Friday, October 11, 2013
Urgent Warning: Our Bank Deposits Are No Longer Safe
As a result of recent changes to the rules governing the financial system operating throughout the G20 nations, a serious threat has arisen to the finances of individuals, families, and institutions that have entrusted their assets to major banks. Here's the situation: in case "systemically important" banks should fail, they are now authorized to take over the assets of their clients, including our deposits! This procedure is known as a "bail-in”—as distinguished from a "bail-out”—and it has already been implemented in Cyprus. This threat has been thoroughly documented by Ellen Hodgson Brown (author of two extraordinary books on our money system, The Web of Debt, and, just published, The Public Bank Solution), and by the Public Banking Institute, which she founded. For a vivid, compelling explanation of the crisis provided by the Institute, see this brief video: http://www.youtube.com/watch?v=f-sHAwNfoL4 . Given the vast, destabilizing involvement of major banks in derivatives gambling, about ten times the volume of the real economy as this video shows, major banks are constantly at risk of failing, and suddenly triggering a bail-in assault on our assets. The peril is especially clear in Canada which legalized the bail-in procedure in its 2013 Federal Budget. See: www.policyalternatives.ca/publications/monitor/depositors-beware . But this bail-in agenda was mandated for all the G20 nations at their 2011 meeting, and it is likely to be reenforced by provisions of the CETA and TPP, the vast so-called “trade agreements” presently being negotiated.

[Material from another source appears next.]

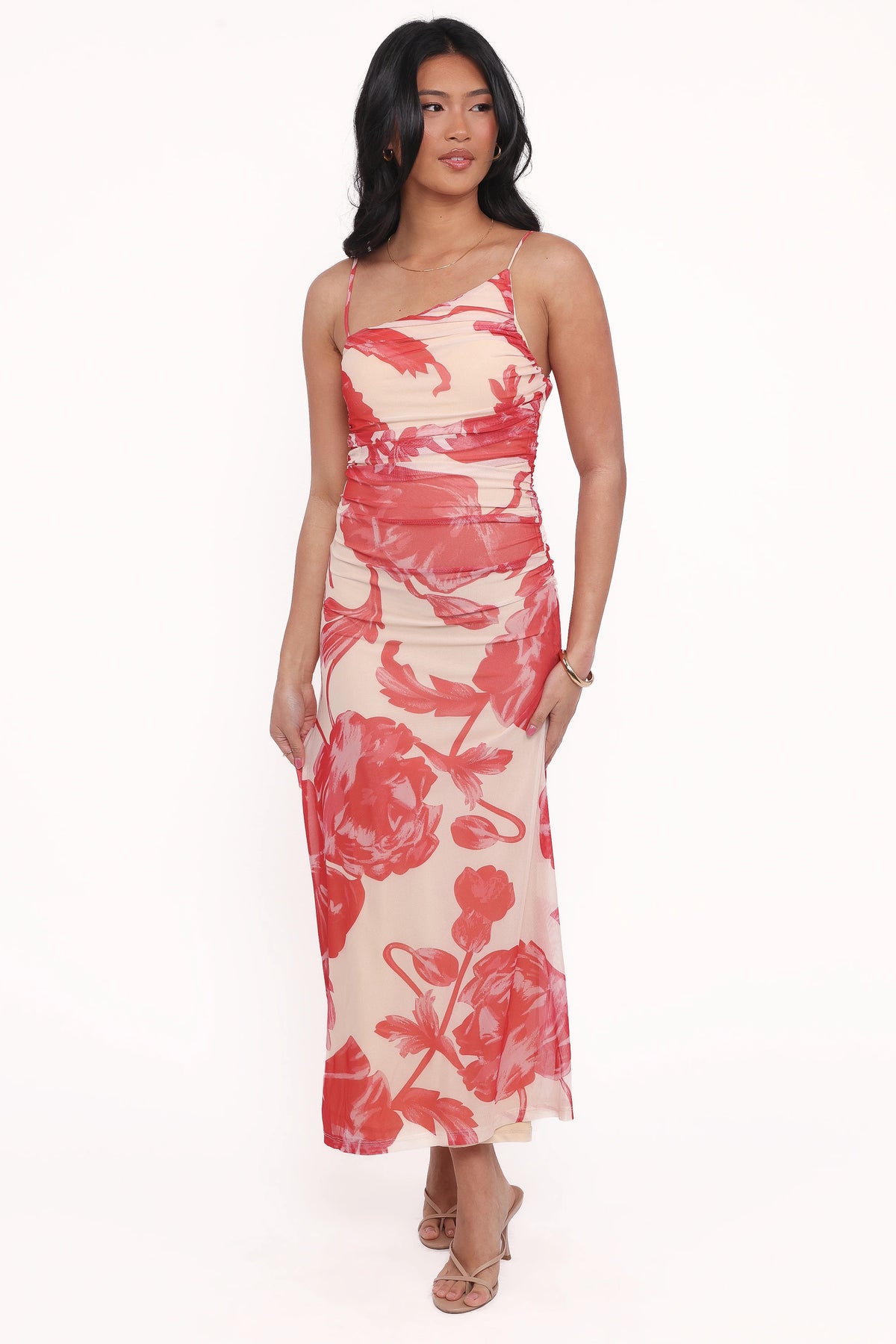Jasmine Maxi Dress Red Floral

Having been assured that the bail-in rescue plan is readily available in case they fail, banks are all the more likely to participate in speculative activity. When driven to insolvency by their losses in derivatives gambling, the losing banks' first priority must be to pay off the winning banks ("counter parties") with whatever resources they can muster, now including their clients' assets—our financial resources. The outrage of bail-ins includes the "super-priority status" of bank "counter parties" over our claims as bank clients.
The danger from bail-ins is especially high at the moment. If the US government on October 17 defaults on its debt, the global financial system, with some $700 trillion of speculative derivatives churning around, may be thrown into the sort of chaos that would bring a major financial meltdown, perhaps surpassing that of 2008, with many bank failures resulting in bail-ins, bringing a massive shift of financial resources from the middle class to the already obscenely wealthy. Even if we escape this immediate peril—perhaps only temporarily—the threat to our financial welfare from the banks' speculative excesses remains imminent. Add to this the proclivity of private banks intentionally to engineer depressions for their own benefit (there is rich documentation available for this), and the dangers hanging over us become all the more imminent.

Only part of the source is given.